The Handbook outlined the conditions of employment with Raytheon at Pine Gap, including the company's requirements relating to execution of an IRS closing agreement. "The purpose of the Closing Agreement," the Handbook explained, "is an acknowledgment by the employee that the employee . . . will continue to pay U.S. federal income tax for the period of his [employment] and will not claim any [FEIE] exclusion . . . with respect to income derived from services for Raytheon at JDFPG." "If the employee elects not to sign a Closing Agreement," the Handbook advised, "the Raytheon Payroll Center will be directed to withhold income tax at the Australian rate and forward those withhold-ings to the Australian Taxation Office."

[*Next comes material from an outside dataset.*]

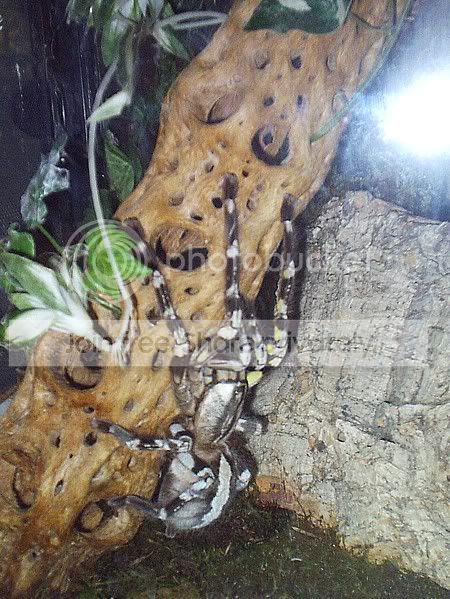 tarantulas05fall4.jpg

On July 27, 2015, as part of the on-boarding process, Linda Ross, an administrative officer with Raytheon, explained the closing agreement procedure to Mr. Diaz. Petitioners admitted in their Petition that, "[d]uring th[is] conversation, Petitioner was told that signing the Closing Agreement was a condition of employment for the position that Petitioner took at JDFPG." With that understanding, Mr. Diaz accepted Raytheon's offer of employment. Raytheon made travel arrangements to Australia for petitioner and his family.

Petitioner's employment at Pine Gap commenced on August 7, 2015. When he arrived at the base, Daniel Christensen, who testified credibly at trial, was the Program Administrator for Raytheon at Pine Gap. Mr. Christensen had worked for Raytheon since 2012. He was responsible for employee benefit programs (including housing and transportation), passport renewals, and various documentation requirements, including the execution of IRS closing agreements.

Mr. Diaz met with Mr. Christensen at the base on August 13, 2015, to execute several of these documents. The first was an "Employee Purchase Agreement," relating to a $10,000 interest-free loan extended by Raytheon to facilitate petitioners' purchase of a vehicle. Mr. Diaz signed the document, dating his signature August 13, 2015. Mr. Chris-tensen's signature appears immediately below with the same date. Mr. Christensen signed as the officer providing "Raytheon Final Approval."

The second document, related to the first, was a "Payroll Deduction Authorization." This document authorized Raytheon to deduct from Mr. Diaz's wages the required payments on the vehicle loan. Mr. Diaz signed the document, dating his signature August 13, 2015. Mr. Chris-tensen's signature appears immediately below, with the same date. Mr. Christensen signed as the "Witness" to Mr. Diaz's signature.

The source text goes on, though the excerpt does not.